> Work task:
Could you return the data that follows exactly, minus the images?

> Provided data:
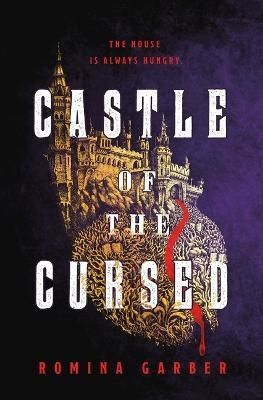 Castle of the Cursed | 0:e upplagan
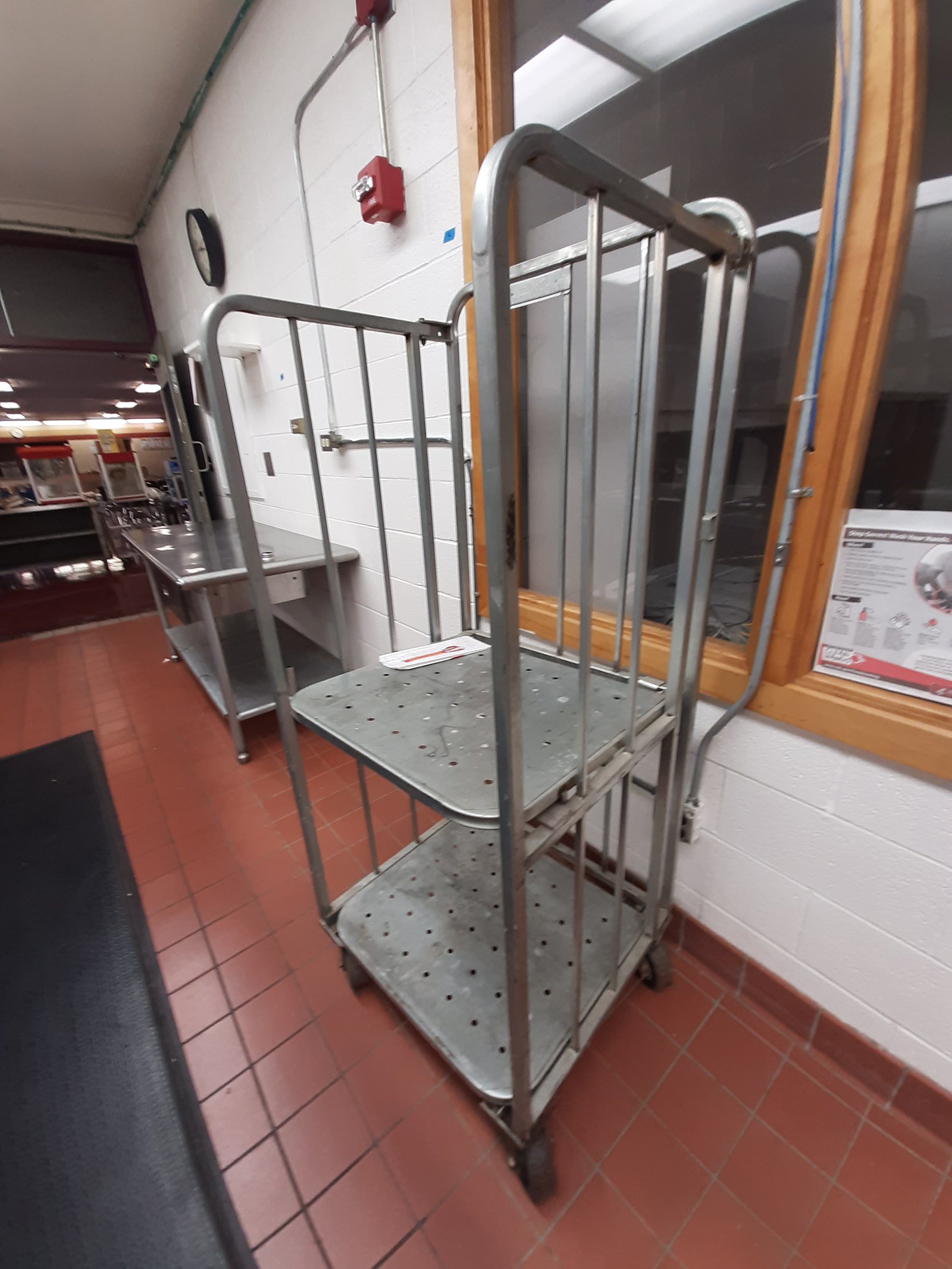 Property photo 20 - LIVE/ONLINE - CCHS PERSONAL PROPERTY AUCTION IN WHITLEY COUNTY, INDIANA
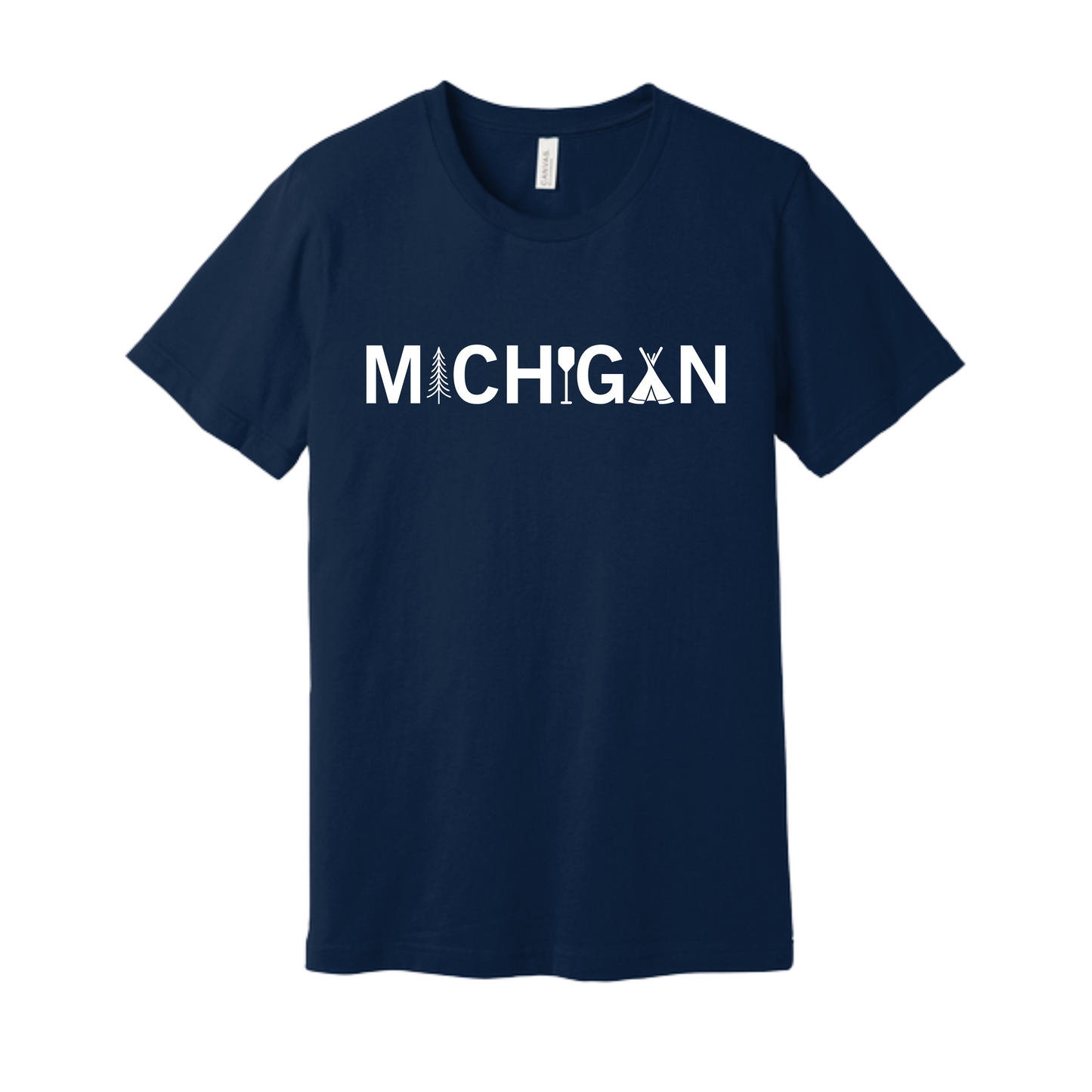 Michigan T-Shirt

> Your solution:
 Castle of the Cursed | 0:e upplagan
 Property photo 20 - LIVE/ONLINE - CCHS PERSONAL PROPERTY AUCTION IN WHITLEY COUNTY, INDIANA
 Michigan T-Shirt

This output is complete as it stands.